SYSTEMATIC College Kuching has been commended by its education partner Australia’s University of Sunshine Coast (USC) for providing the students with a conducive atmosphere for learning.
“Many Systematic Kuching students who find it difficult to study on conventional time schedules have been offered an alternative – they can now take advantage of the e-learning study mode,” said USC’s senior academic coordinator Joanne Freeman on a recent visit to the institution.
“The wireless broadband facilities in the college have enabled distance learners – mainly busy managers, entrepreneurs and consultants – to study at their own pace under the guidance of facilitators and learning support staff,” she added.
A number of adults are currently enrolled at Systematic College Kuching for the Master of Business Administration (MBA) programme as off-campus students of USC.
The two-year postgraduate programme is specially targeted at degree holders and those with diplomas and working experience.
Freeman said she was impressed by the resource centre and video conferencing facilities at the college whose online support system was developed in collaboration with SEG International’s (SEGi) Centre of Continuing Education.
More than RM2mil has gone into setting up the e-campus portal segi2u.edu.my
With the setting up of the e-campus portal, e-learning has taken off on a firm footing.
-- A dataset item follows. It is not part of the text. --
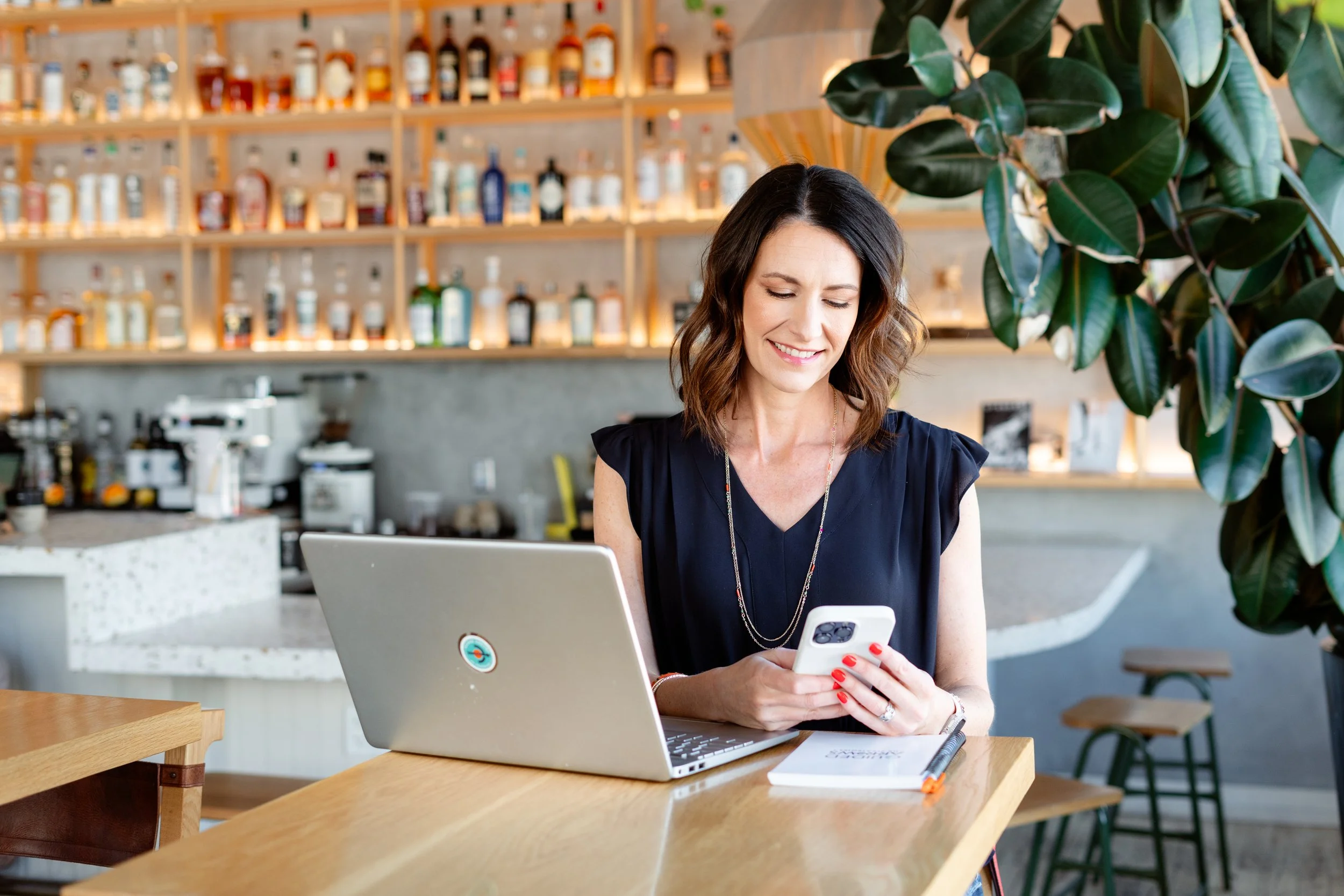 Guided Arrows HR Consulting Reno | HR Strategy Consulting for Small ...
Independent adult learners and undergraduates can now share knowledge, chat, discuss, prepare for exams and stay in touch with tutors and lecturers via the e-learning tool.
Systematic College Kuching vice principal Raymond Chai said that the e-campus portal has also enhanced the efficiency of campus operations.
“E-learning has lowered the costs of managing our centre and allowed us closer collaboration with our partner universities overseas.
“We can also foster more independent study among working adults,” said Chai.
He urged students to embrace e-learning to acquire new skills in order to stay competitive and meet global challenges.
“We should not let barriers like the lack of equipment, lack of motivation, culture shock and difficulty in embracing new ideas stop us from moving forward.
“As industries demand more and more skilled knowledge workers, managers may need to ‘go back to school’ to pick up new practices in their field.
“They should welcome the opportunity to share their work experiences with others,” he added.
Freeman said technology was the leading factor in enabling economies and societies to keep up with advances in the media, and in trade and business, around the world.
“The concept of lifelong learning has long been part of the education policies in developed countries such as the United States and Britain,” she said.
“Over there, people actively commit time and resources to enhancing their existing professional or technical competencies. We should do the same,” she added.